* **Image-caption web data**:

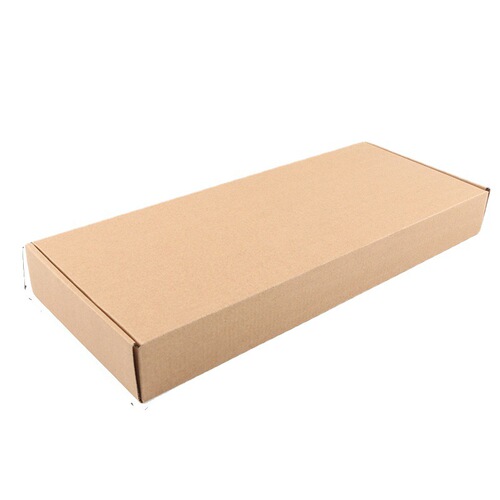 Cross-border exclusive Amazon pet supplies simulated mouse cat toy gift box set of 7 pieces cat teaser stick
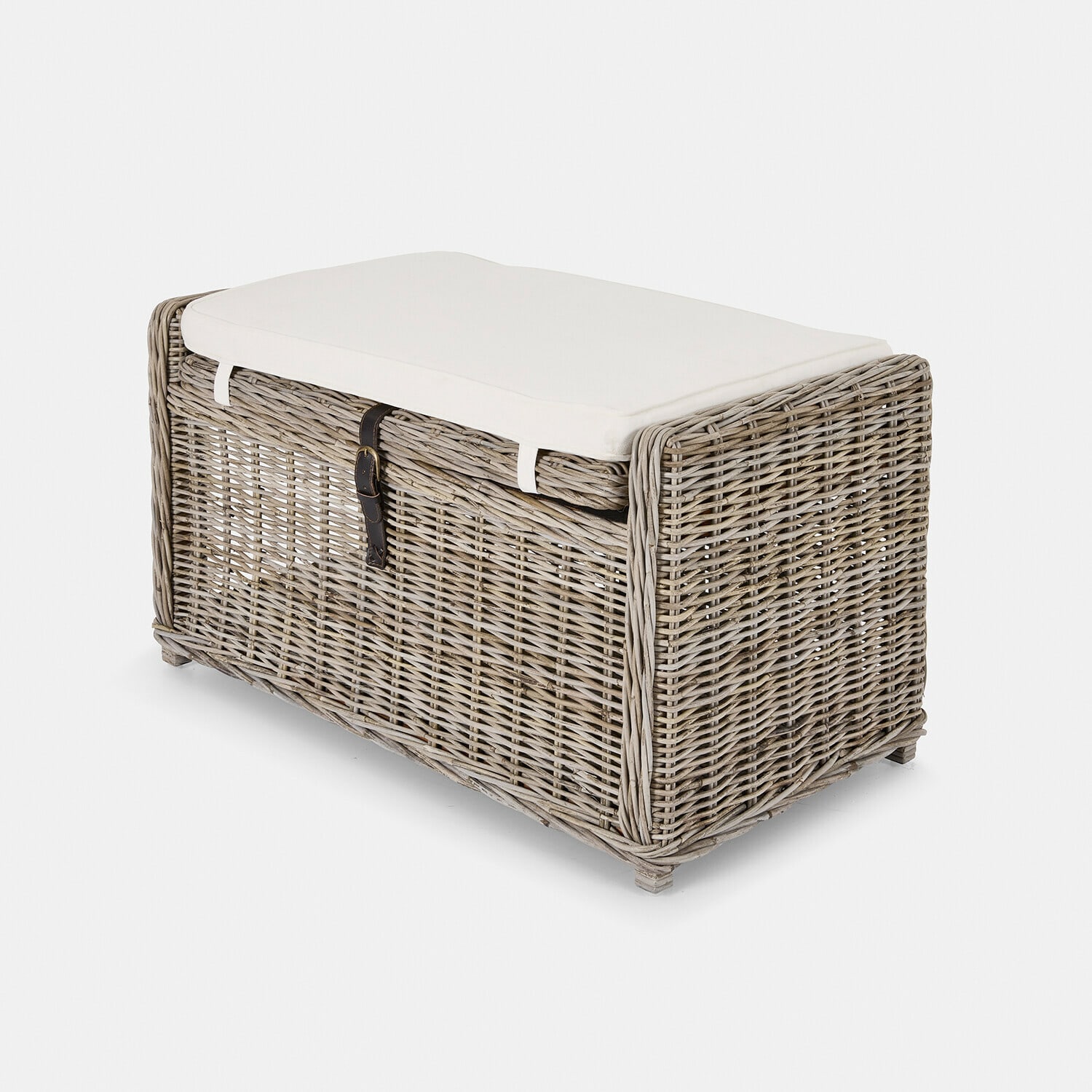 Casa para gato Corivo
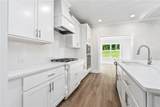 1467 Hidden Lakes Drive - Photo 10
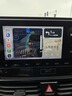 君用百度無線CarLife適用vivo華為carwith榮耀oppo車機互聯(lián)盒 【M6】 曬單實拍圖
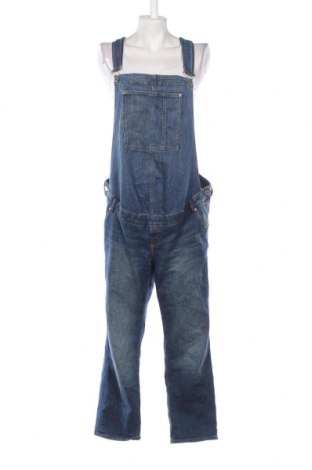 Overall für Schwangere H&M Mama, Größe XXL, Farbe Blau, Preis € 14,93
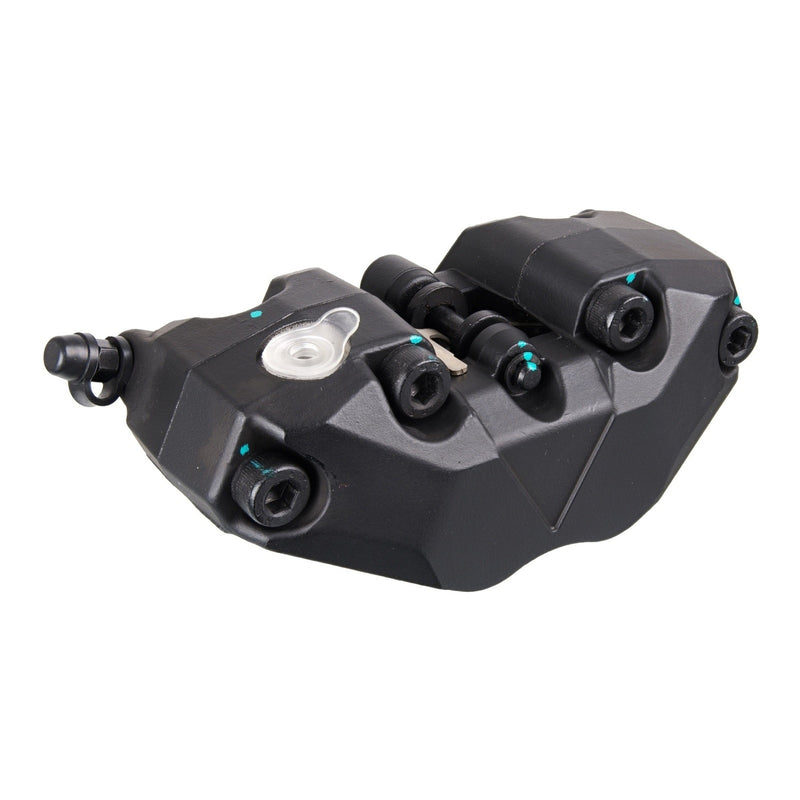Load image into Gallery viewer, Whites Brake Caliper
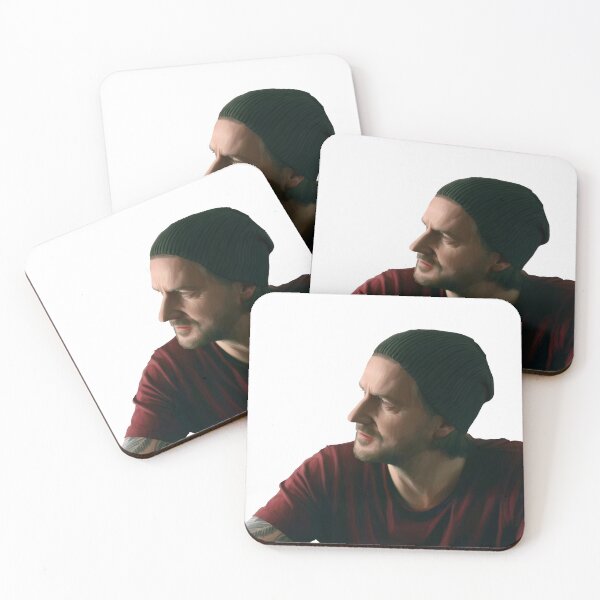 Item preview, Ray Levine - Transparent background designed and sold by Astrovian.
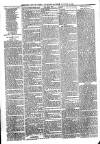 Sheerness Times Guardian Saturday 22 September 1883 Page 7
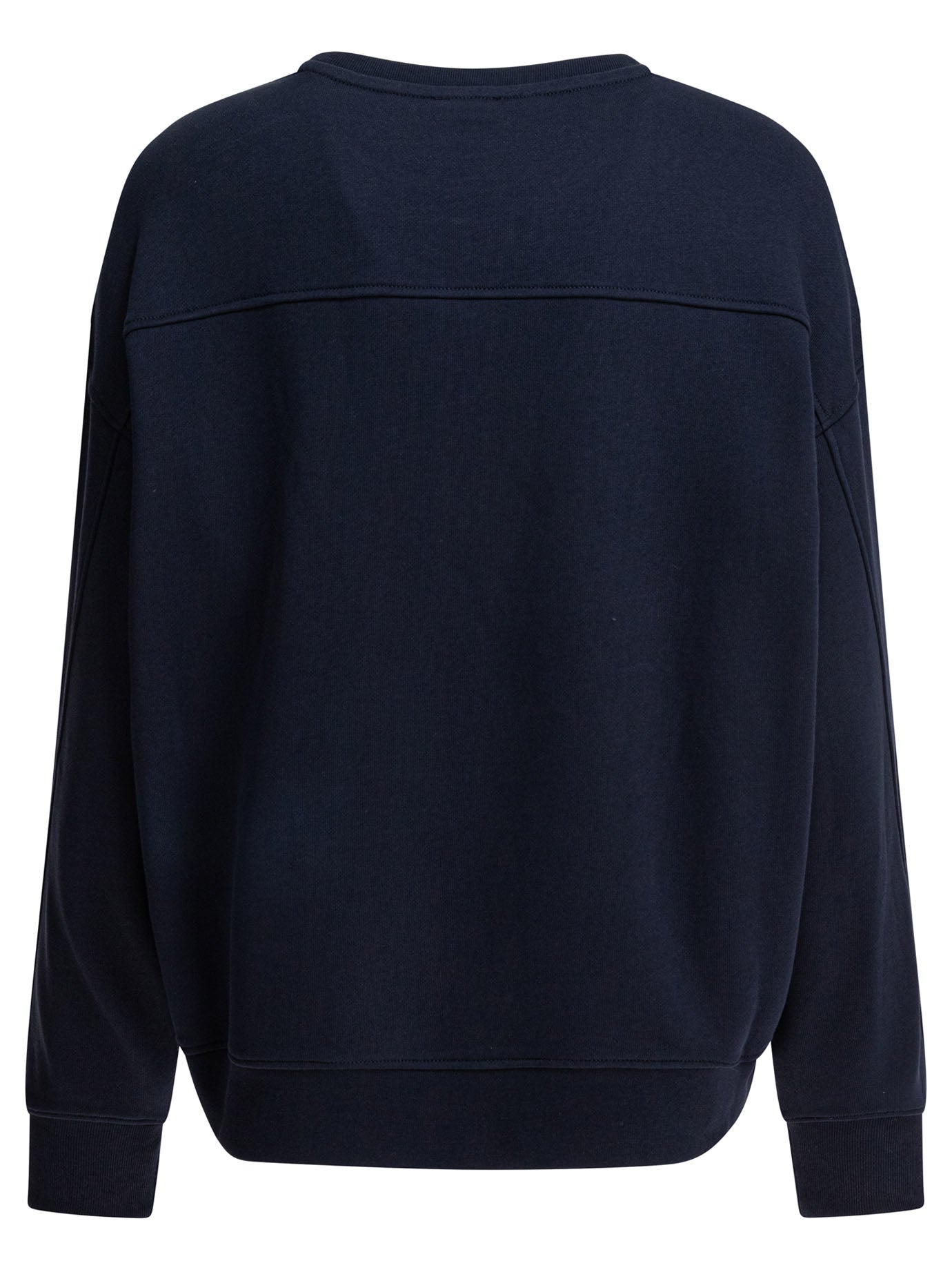 Pinko Sweatshirts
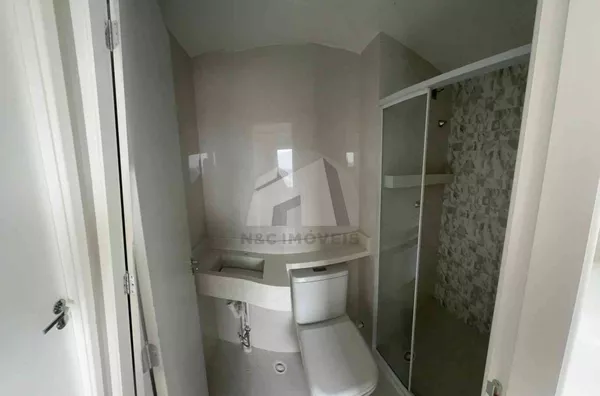 Apartamento á Venda 46m² R$ 260.000, Vila dos Andradas/SP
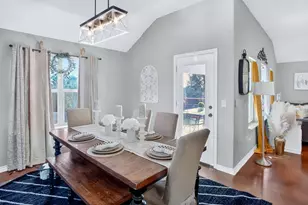 1405 Adam Ave, Burnet, TX 78611 - Photo 11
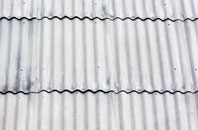 Llangasty Talyllyn corrugated roof quotes
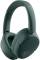 Миниатюра Jlab Jbuds Lux Wireless Sage IEUHBJLUXANCRSGE62, фото 1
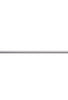 5000 & 5001 Series Horizontal Round Bar Iron Baluster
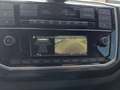 Other optional extras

* **EXERCISE DESCRIPTION**: Transcribe each line above exactly, pictures excluded.

* **YOUR RESPONSE**:
 Cross-border exclusive Amazon pet supplies simulated mouse cat toy gift box set of 7 pieces cat teaser stick
 Casa para gato Corivo
 1467 Hidden Lakes Drive - Photo 10
 君用百度無線CarLife適用vivo華為carwith榮耀oppo車機互聯(lián)盒 【M6】 曬單實拍圖
 Overall für Schwangere H&M Mama, Größe XXL, Farbe Blau, Preis € 14,93
Load image into Gallery viewer, Whites Brake Caliper
 Item preview, Ray Levine - Transparent background designed and sold by Astrovian.
 Sheerness Times Guardian Saturday 22 September 1883 Page 7
 Pinko Sweatshirts
 Apartamento á Venda 46m² R$ 260.000, Vila dos Andradas/SP
 1405 Adam Ave, Burnet, TX 78611 - Photo 11
 Llangasty Talyllyn corrugated roof quotes
 Миниатюра Jlab Jbuds Lux Wireless Sage IEUHBJLUXANCRSGE62, фото 1
 5000 & 5001 Series Horizontal Round Bar Iron Baluster
 Other optional extras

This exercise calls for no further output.